There are practical limitations of these things that are significant. Part of the problem is dealing with the finite length of a filter in practical systems. For an FIR filter to have a truly “brick-wall” cut-off, the filter must have an infinite number of taps. Worse than that, if a device were to have a “perfect” response it would have to begin having an output before it actually recieves the input. This is a major difficulty but since perfection is not necessary we can get around that.

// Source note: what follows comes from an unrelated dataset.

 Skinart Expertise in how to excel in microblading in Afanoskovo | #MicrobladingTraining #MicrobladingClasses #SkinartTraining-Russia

To reduce the aberrations induced by filters that are not infinite in length the coefficients (the scaled versions of the impulse response) are windowed (think of it as fading in and out at the beginning and end) to avoid discontinuities. The longer the delay line is, the more accurate it can be but the intrinsic delay is only the delay to the first active tap (with a sufficiently large coefficient) plus the time needed for the calculations. The more taps you have, the more multiplications and additions you have. Since you need all of the calculation of all the taps to be done within one sample interval for real-time operation the calculations themselves cannot add latency (but they can make your system choke if it is not fast enough).

While I have not used the plug-in I think it is possible that the source of the latency in SIR is the direct or “dry” signal portion of the impulse response. If used as a totally “wet” reverb (in an aux channel for instance) latency (to the first echo) would have to be huge to be an issue. The operating principle of reverb IS delay.

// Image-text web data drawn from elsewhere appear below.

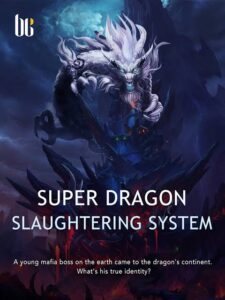 Super Dragon slaughtering System Novel by Mei Dao Zhang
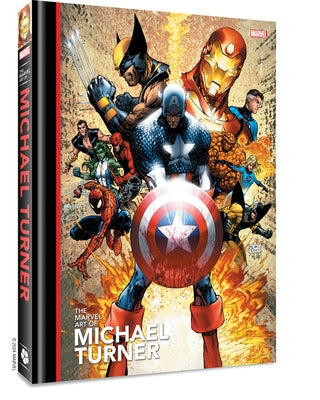 The Marvel Art of Michael Turner by Turner, Michael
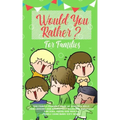 Would you Rather: The Family Friendly Book of Stupidly Silly, Challenging and Absolutely Hilarious Questions for Kids, Teens and Adults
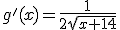 3$g'(x)=\frac{1}{2\sqrt{x+14}}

The direct signal would initially seem to be simple, just feed it through to the output. This would work fine if you did not want the processor to modify the direct frequency response of the signal the way it occurred when the impulse response was measured. You cannot simply truncate everything before the first peak of the impulse response. You need to have a more gradual rise. To simulate having an output that begins before you have an input you can deliberately introduce delay and program the coefficients to rise more gradually at the beginning of the impulse. This means that the signal will spend some time in the delay line before the impulse response peaks to maximum output for the direct signal. This is likely to be the source of delay and may depend on the impulse response being modelled.

I suspect that if SIR was only used for “wet” reverb it would be possible to remove that portion of the impuse related to the direct sound and eliminate the excess delay.

If you managed to read through this all, go get yourself a cookie. If you understood it, take yourself to dinner.

(More than) Enough for now,
Jim

Sloom · March 16, 2006, 3:06am

I read half of the first paragraph!

woxnerw · March 16, 2006, 12:44pm

What a nice detailed report on this topic… You’re right sloom, if I re-read that post a few more times I still wouldn’t grasp the ideas that jimbob has presented there… This report should be in the “wiki” so that a “Search” would bring IT up if someone were to want to read up on how SIR as a VST Effect responds when applied to a .wav file on the n-Track timeline…

jimbob’s contribution to this Board along with several other “Posters” wouldn’t be “What-It-Is”… without them…

Bill…

vanclan · March 16, 2006, 2:41pm

I agree with Sloom.

Sloom · March 16, 2006, 10:20pm

You see, this is why I’m a bass player. Most of the time, I only have to count up to, or sub-divide within, “4”. That’s as techie as it gets here, folks!

But we’re glad you’re around, Jimbob (Somebody has to do it)!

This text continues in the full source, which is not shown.